Esmat a trouvé le thème d’Al-Wassaya (éditions Kotob Khan) au printemps 2015 et a publié son ouvrage en janvier 2018. Il lui a valu d’être nominé pour le Prix international de la fiction arabe, parmi cinq autres romanciers. Le lauréat de ce prix sera annoncé en avril 2019. « C’était une vieille histoire qui trottait dans ma tête, mais que je n’ai pas pu mettre sur papier comme je la visualisais dans mon imagination. J’ai essayé en 2002, mais le résultat n’a pas été satisfaisant », explique Adel Esmat. Et d’ajouter: « Je ne voulais pas simplement raconter l’histoire d’une famille, mais rendre tangibles les sentiments de chacun de ses membres, les rapprocher de la vie et retracer les facteurs cachés qui ont conduit à la fermeture de l’ancienne demeure familiale, à la perte des terres agricoles et à la dispersion des enfants et des petits-enfants à travers le monde ».
Né dans le Delta en 1959, Adel Esmat n’a pas voulu juste écrire un roman qui aborde la vie d’une famille à la campagne égyptienne. Il s’agit, en effet, plutôt de l’histoire de l’Egypte depuis les années 1920, en passant par la Révolution de Juillet 1952, la défaite de juin 1967, la victoire d’Octobre 1973, les répercussions de l’ouverture économique sous Sadate, et ce, jusqu’à arriver en 2008.
En quelque trois cents pages, le grand-père, cheikh Abdel-Rahman Sélim, raconte son histoire à son petit-fils. Il relate comment il a pu récupérer les terres agricoles que son père avait confiées à des étrangers dans les années 1920. Il énumère à son petit-fils les moments de prospérité qu’a connus la famille, puis la perte de ses terres et la dispersion de ses enfants à travers le monde.
L’histoire du pays
Le roman se compose de dix chapitres, dont chacun constitue un « commandement ». Citons à titre d’exemple: Attention: ne tue pas ton frère; La fortune est comme un animal que tu dois guider; Les tristesses sont les poisons du coeur; Supporte bien la douleur ; La plus grande vertu est l’abandon. Dans chaque chapitre, le grand-père présente son idée en général, puis explique ce qu’il y a derrière. Ensuite, il dévoile une partie de l’histoire de la maison des Sélim, qui vient appuyer ses commandements.

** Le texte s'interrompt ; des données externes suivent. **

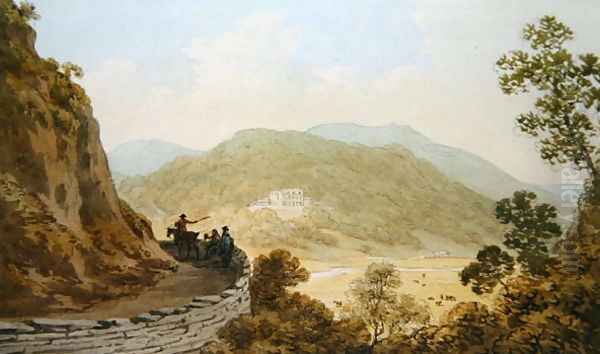 Tan y Bwlch, 1793 Oil Painting by John Warwick Smith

Adel Esmat, qui a fait des études de philosophie à la faculté des lettres de l’Université de Aïn-Chams, excelle dans la description de la vie rurale. « Je me suis intéressé à montrer certains phénomènes sociaux que l’on ne retrouve pas dans les livres d’histoire, comme les vêtements de la population rurale, l’introduction de la radio dans une province, puis celle des cassettes et celle des pulvérisateurs agricoles. L’effet de toutes ces nouveautés et de la facilité du transport entre les villages et les villes m’a beaucoup attiré », déclare Esmat, qui a reçu plusieurs prix littéraires, comme celui de l’Encouragement de l’Etat en 2011 et le prix Naguib Mahfouz, remis par l’Université américaine du Caire en 2016 pour son roman Hékayat Youssef Tadros (les histoires de Youssef Tadros, traduit vers l’anglais).
Dans Al-Wassaya, la description des endroits et des personnages ne lasse jamais le lecteur. Celui-ci a l’impression de sentir l’air frais et l’odeur de ces endroits, de ces terres. Exactement comme chez Naguib Mahfouz, quand celui-ci décrit les ruelles égyptiennes. A travers l’histoire d’une famille, l’auteur raconte celle d’un pays, passant en revue tous ses changements contemporains. Le grand-père est présenté comme le sauveur de la famille, un homme fort et sans pitié. Il a commis une erreur fatale en distribuant la terre à ses fils. Chacun a pris sa parcelle et l’a vendue pour mener une nouvelle vie à l’autre bout du monde. C’est à cause de son caractère autoritaire que les membres de la famille ont été séparés, et que chacun est parti de son côté.
Les Commandements est une saga impressionnante. Le roman offre un tableau précis des transformations sociales de l’Egypte, montrant comment le paysan a abandonné sa terre et s’est mis à cultiver la luzerne à la place du coton .
Al-Wassaya (les commandements), Al-Kotob Khan, Editions 2018.